TASK REQUIREMENTS: Your task is to transcribe all the entries exactly, excluding pictures.

DATA LISTING:
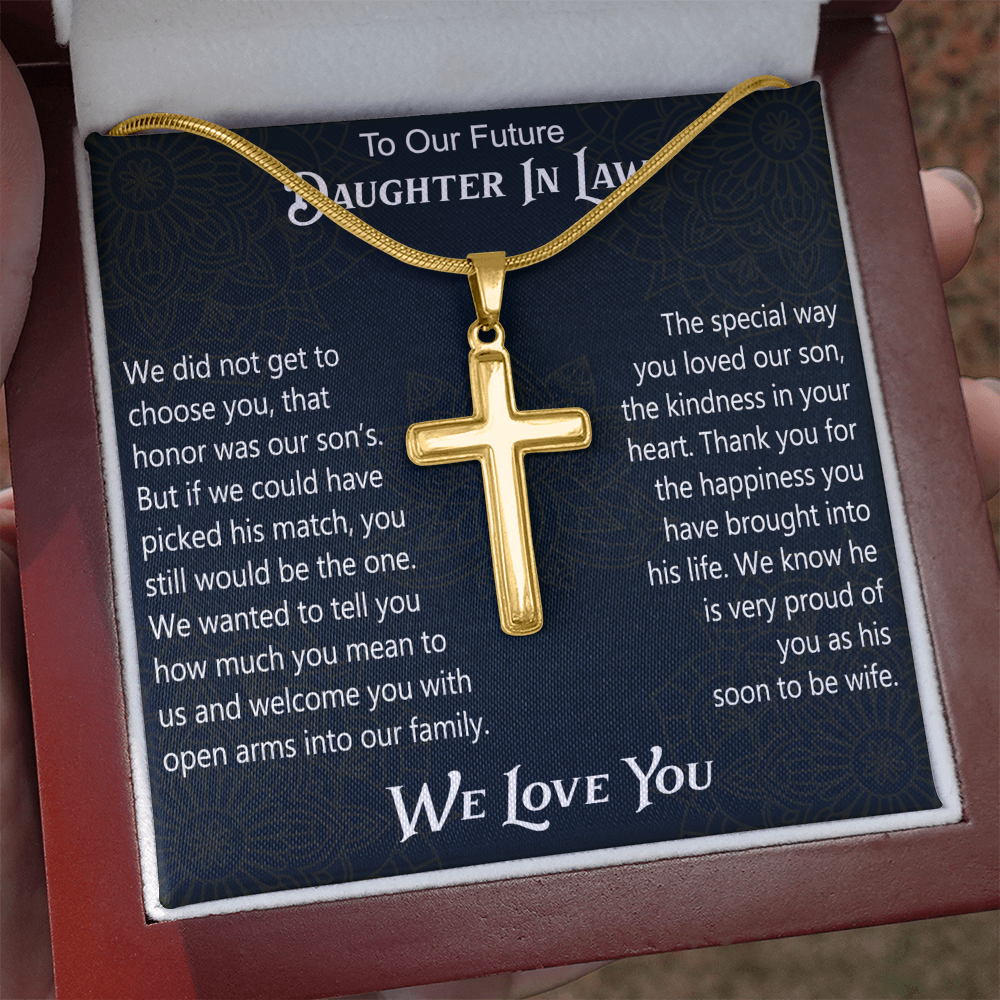 To Our Future Daughter In Law Artisan Cross Necklace Gift for Birthday Wedding Christmas or any Special Occasion.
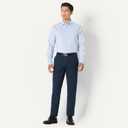 Amazon Essentials Men's Regular Fit Long Sleeve Wrinkle Resistant Stretch Dress Shirt (Blue White Pinstripe)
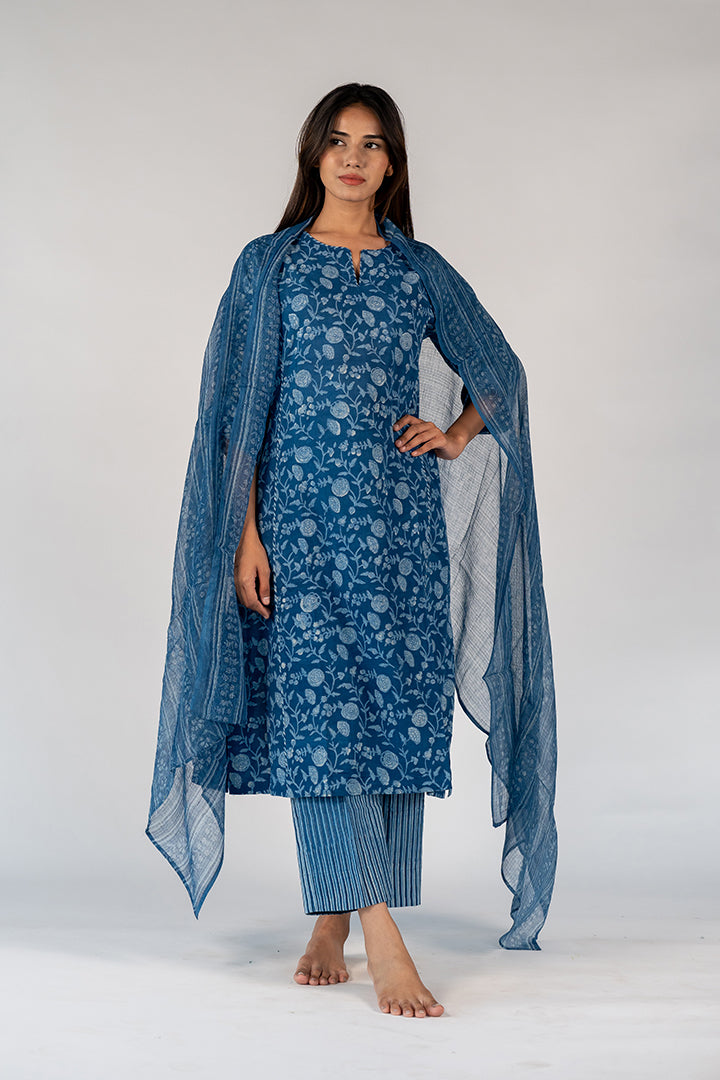Cotton Kota Doria Hand Block Printed Dupatta - Blue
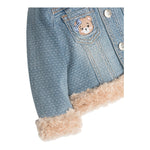 MONNALISA giubbino tinta unita in denim cn profili pelliccia Azzurro per Neonata 39D106 AZZURRO MONNALISA 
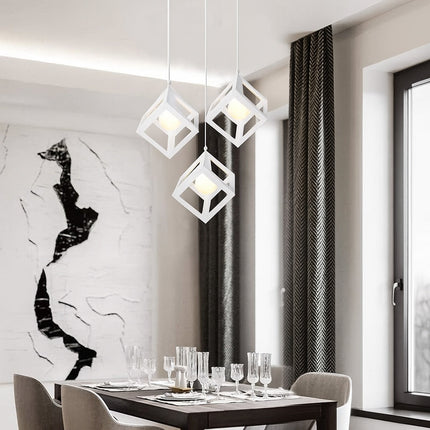 Lampadario a sospensione con 3 cubi 3d stile geometrico attacco E27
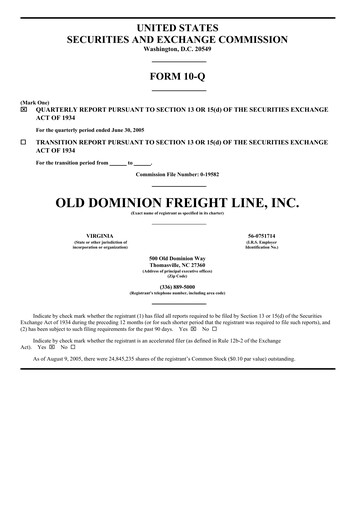 Thumbnail Old Dominion Freight Line
 Quarterly Report 2005-q2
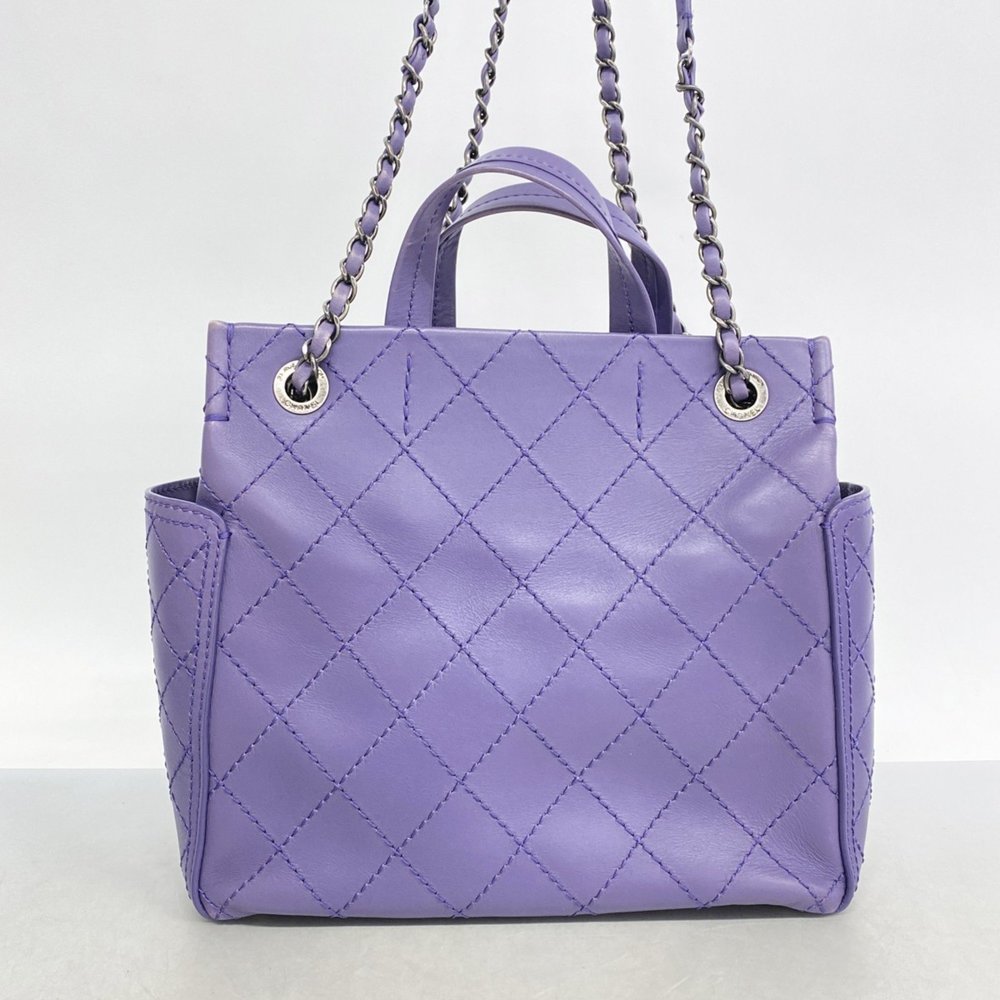 CHANEL Purple Leather Bag - Picture 11 of 12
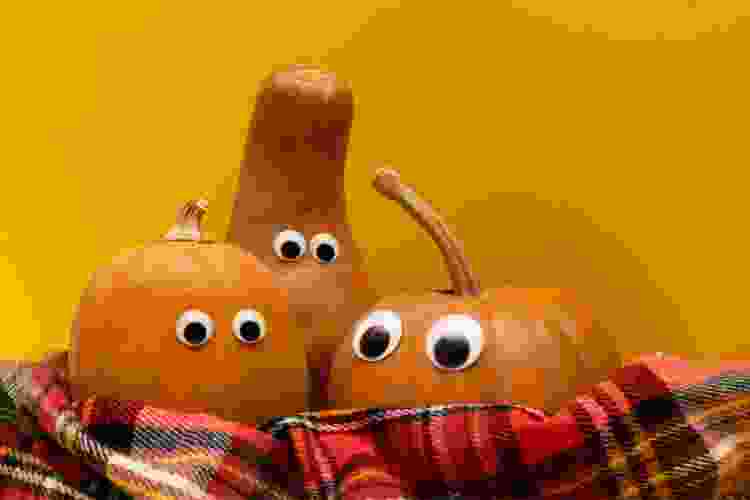 pumpkins with googly eyes wrapped in fall scarf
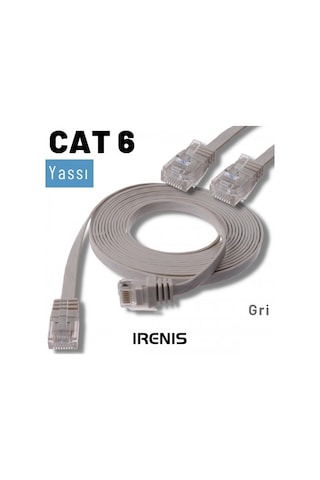 Irenis CAT6 Kablo Yassı Ethernet Network Lan Ağ İnternet Kablosu 10 M Gri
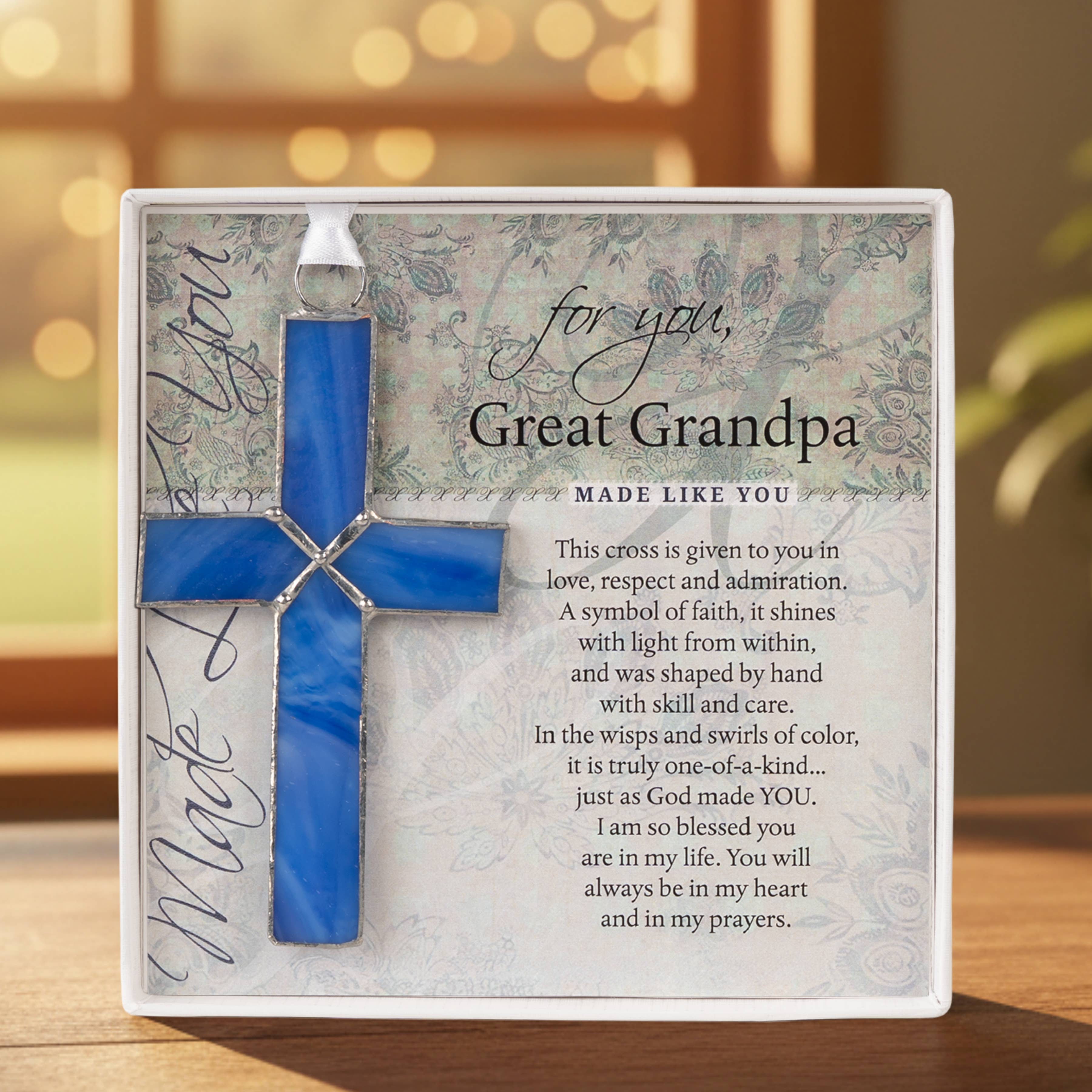 Great Grandpa Gift: Blue Stained Glass Cross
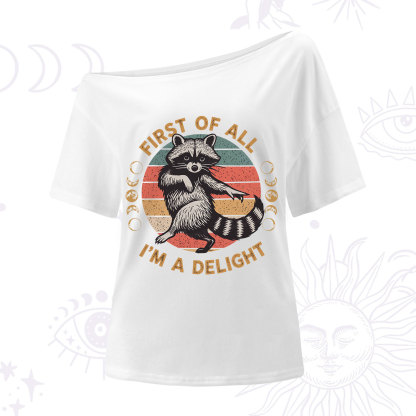 Purplehecate First of All I'm A Delight Raccoon One Shoulder T-Shirt
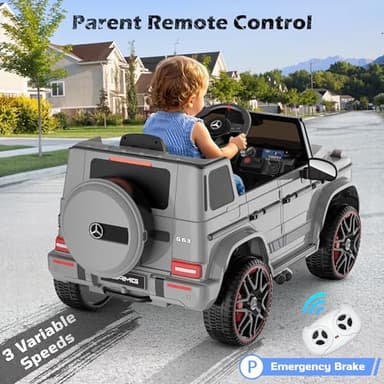 ANPABO Licensed Mercedes-Benz G63 Car for Kids, 12V Ride on Car w/Parent Remote Control, LED Headlights, Music Player & Horn, Soft Start, Low Battery Prompt, Kids Electric Vehicle, Grey - Image 3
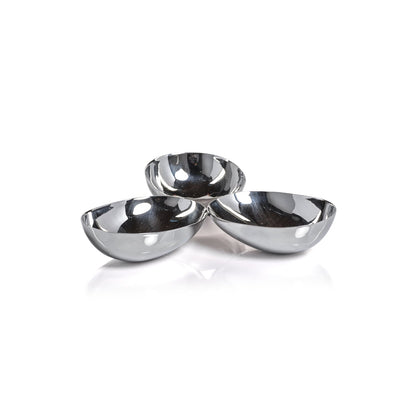 Triple Nut Bowl - Polished Nickel - Bowls by Carlyle Avenue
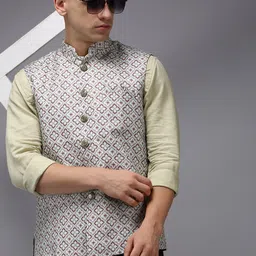 SHOWOFF Men Printed Nehru Jackets-picture-30
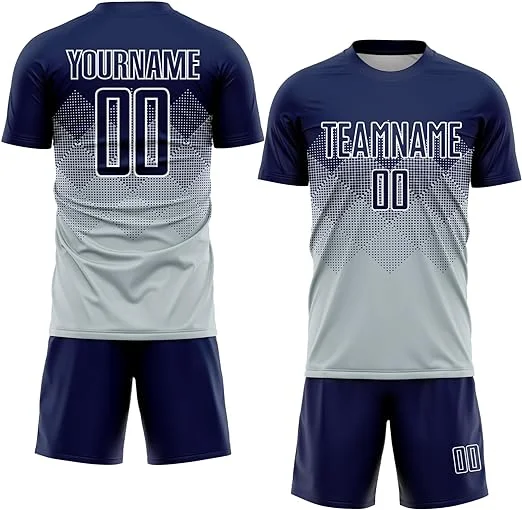 Unisex Quick-Dry Breathable Soccer Training Shirt Football Jersey Set New Design Customizable Team Name for Adults Wholesale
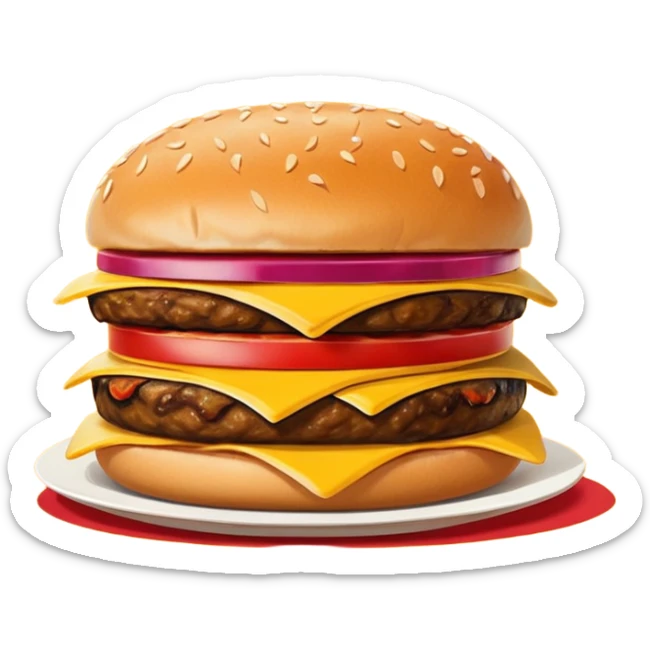 A clean and simple icon of fast food in emoji-style illustration. A burger with fries, naggets and shaverma, bright and bold colors, simple shapes, flat design, high contrast, inviting and appetizing. sticker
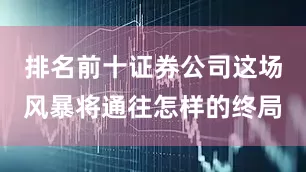 排名前十证券公司这场风暴将通往怎样的终局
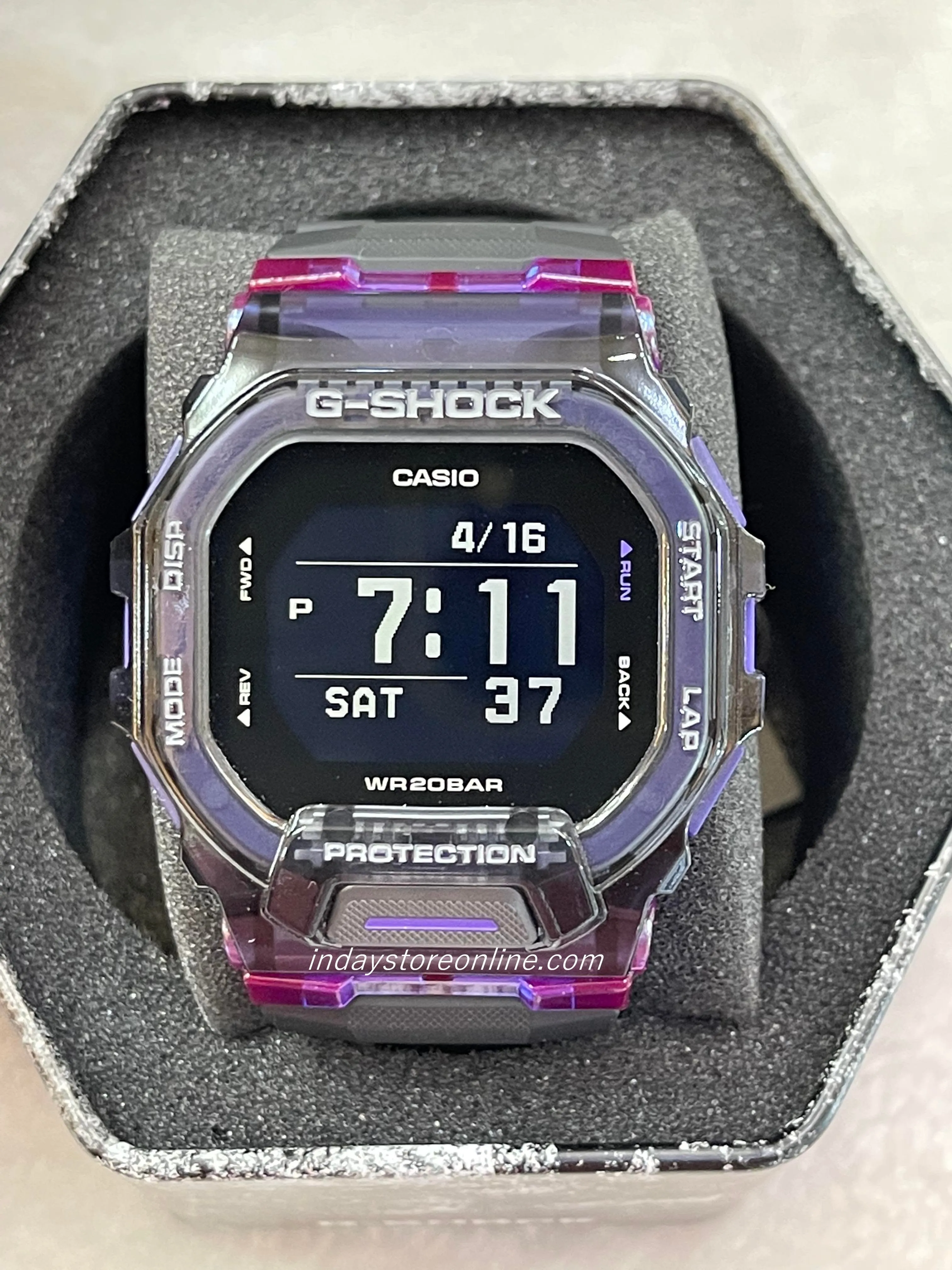 Casio G-Shock Men's Watch GBD-200SM-1A6 G-Squad Vital Bright Series Digital Great for Runners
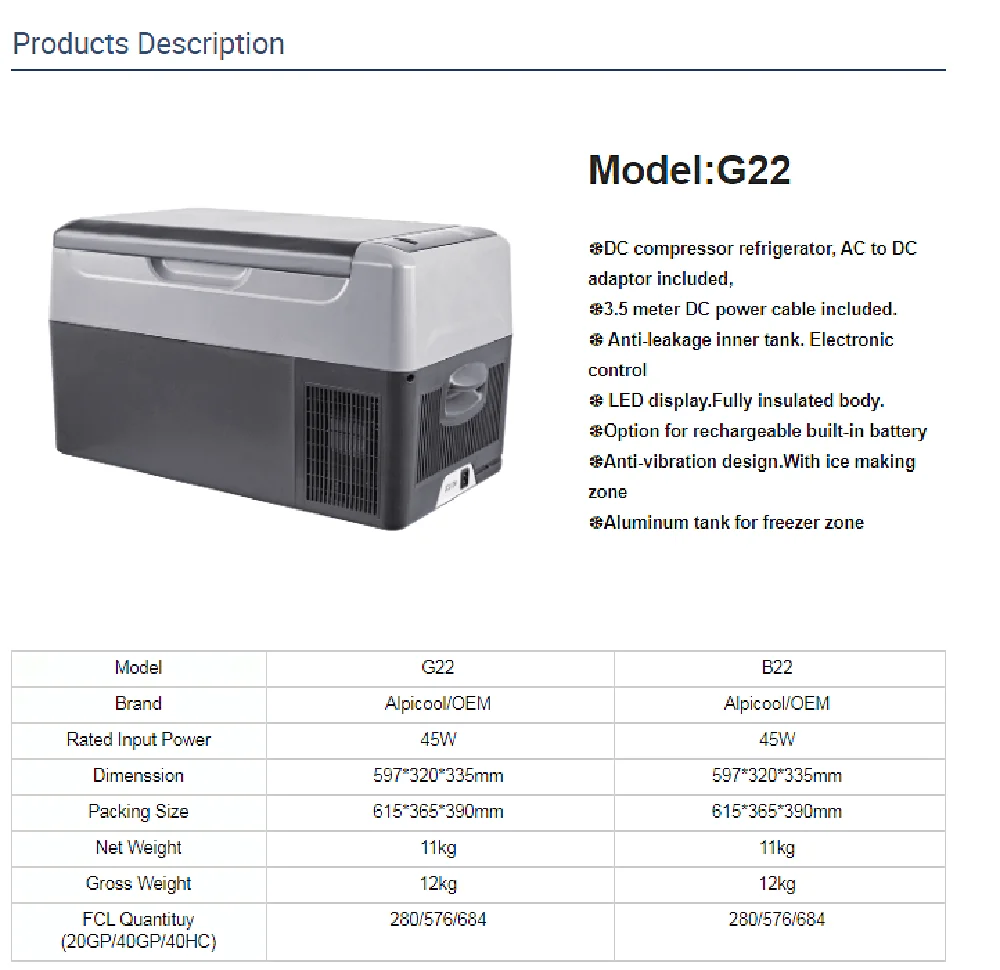 Alpicool G22 22Liter Kühlbox Mini Kühlschrank Elektrische Tragbare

ANSWER BOX:
 To Our Future Daughter In Law Artisan Cross Necklace Gift for Birthday Wedding Christmas or any Special Occasion.
 Amazon Essentials Men's Regular Fit Long Sleeve Wrinkle Resistant Stretch Dress Shirt (Blue White Pinstripe)
Cotton Kota Doria Hand Block Printed Dupatta - Blue
 MONNALISA giubbino tinta unita in denim cn profili pelliccia Azzurro per Neonata 39D106 AZZURRO MONNALISA 
 Lampadario a sospensione con 3 cubi 3d stile geometrico attacco E27
 Thumbnail Old Dominion Freight Line
 Quarterly Report 2005-q2
 CHANEL Purple Leather Bag - Picture 11 of 12
 pumpkins with googly eyes wrapped in fall scarf
 Irenis CAT6 Kablo Yassı Ethernet Network Lan Ağ İnternet Kablosu 10 M Gri
 Great Grandpa Gift: Blue Stained Glass Cross
 Purplehecate First of All I'm A Delight Raccoon One Shoulder T-Shirt
 ANPABO Licensed Mercedes-Benz G63 Car for Kids, 12V Ride on Car w/Parent Remote Control, LED Headlights, Music Player & Horn, Soft Start, Low Battery Prompt, Kids Electric Vehicle, Grey - Image 3
 Triple Nut Bowl - Polished Nickel - Bowls by Carlyle Avenue
 SHOWOFF Men Printed Nehru Jackets-picture-30
 Unisex Quick-Dry Breathable Soccer Training Shirt Football Jersey Set New Design Customizable Team Name for Adults Wholesale
 A clean and simple icon of fast food in emoji-style illustration. A burger with fries, naggets and shaverma, bright and bold colors, simple shapes, flat design, high contrast, inviting and appetizing. sticker
 排名前十证券公司这场风暴将通往怎样的终局
 Casio G-Shock Men's Watch GBD-200SM-1A6 G-Squad Vital Bright Series Digital Great for Runners
 Alpicool G22 22Liter Kühlbox Mini Kühlschrank Elektrische Tragbare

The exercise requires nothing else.